It seems that PID in the log and exq_ui do not match.

The text was updated successfully, but these errors were encountered:

akira · 2017-01-06T05:13:25Z

never got cleared from the queue, blocking slot for other jobs

How are you seeing this? Is this from the UI only, or actually tasks executing. What if concurrency is 1 and this happens? Or is just manifested by #227

mspanc · 2017-01-06T10:25:19Z

I see that no jobs are happening, also don't see anything in the logs.

I am unable to test this with concurrency 1.

akira · 2017-01-21T22:51:13Z

@mspanc I can't seem to replicate this. Could it be possibly caused by #231? I am seeing a memory issue under heavy load. I'm still investigating, but have a fix for the stats part of it. I wonder if you were seeing increased memory as well.

mspanc · 2017-01-23T12:51:01Z

I don't have environment any more which I can use to test this out.
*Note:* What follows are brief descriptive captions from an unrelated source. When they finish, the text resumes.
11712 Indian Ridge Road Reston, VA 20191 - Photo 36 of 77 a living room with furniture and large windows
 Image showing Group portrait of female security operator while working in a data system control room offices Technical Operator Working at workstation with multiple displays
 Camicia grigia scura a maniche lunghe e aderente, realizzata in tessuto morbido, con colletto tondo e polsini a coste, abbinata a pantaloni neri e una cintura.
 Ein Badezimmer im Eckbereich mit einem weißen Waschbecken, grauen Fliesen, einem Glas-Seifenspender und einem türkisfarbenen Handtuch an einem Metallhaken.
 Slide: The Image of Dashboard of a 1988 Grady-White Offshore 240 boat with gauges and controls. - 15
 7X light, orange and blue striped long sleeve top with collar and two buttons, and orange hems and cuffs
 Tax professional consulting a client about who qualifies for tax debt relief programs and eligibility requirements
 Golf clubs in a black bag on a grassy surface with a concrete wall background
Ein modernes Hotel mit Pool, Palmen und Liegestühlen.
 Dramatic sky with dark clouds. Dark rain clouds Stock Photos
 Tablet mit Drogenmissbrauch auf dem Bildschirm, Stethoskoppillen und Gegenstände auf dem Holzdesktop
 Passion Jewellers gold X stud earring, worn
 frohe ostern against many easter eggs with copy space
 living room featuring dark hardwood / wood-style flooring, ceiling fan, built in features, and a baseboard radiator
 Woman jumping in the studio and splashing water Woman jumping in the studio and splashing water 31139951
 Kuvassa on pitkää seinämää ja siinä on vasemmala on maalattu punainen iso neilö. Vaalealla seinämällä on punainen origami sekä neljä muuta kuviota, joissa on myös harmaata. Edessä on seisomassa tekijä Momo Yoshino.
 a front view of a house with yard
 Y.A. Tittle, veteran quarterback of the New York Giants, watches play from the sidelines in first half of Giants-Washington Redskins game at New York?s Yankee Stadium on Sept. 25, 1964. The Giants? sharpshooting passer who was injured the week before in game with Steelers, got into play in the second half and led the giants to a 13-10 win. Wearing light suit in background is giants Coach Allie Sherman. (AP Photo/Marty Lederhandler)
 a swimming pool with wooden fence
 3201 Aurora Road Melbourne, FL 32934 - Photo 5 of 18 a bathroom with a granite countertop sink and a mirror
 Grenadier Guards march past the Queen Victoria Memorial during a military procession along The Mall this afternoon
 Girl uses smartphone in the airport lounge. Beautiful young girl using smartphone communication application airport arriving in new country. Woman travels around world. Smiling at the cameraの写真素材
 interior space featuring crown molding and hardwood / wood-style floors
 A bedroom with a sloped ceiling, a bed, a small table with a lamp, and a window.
jbrowning · 2017-03-08T15:34:35Z

We are experiencing this in production with Exq 0.8.3. Occasionally, jobs will get stuck in a perpetual processing state and hoard a process slot. Restarting does not fix and I have to manually clear out the process list via Exq.Api.clear_processes/1.

Let me know if there's anything you'd like me do to try to narrow down the issue.

akira · 2017-03-09T06:37:33Z

@jbrowning can you try Exq version 0.8.4, I recently added something that could potentially fix this.

jbrowning · 2017-03-09T15:12:10Z

Ok, sounds good. Will let you know.

Thanks for the quick response @akira

jbrowning · 2017-03-27T16:53:57Z

@akira we've had 0.8.4 in production for a few weeks now and still end up with stuck jobs. It seems to occur most often when a large number of jobs (2000+) are added to the queue at once.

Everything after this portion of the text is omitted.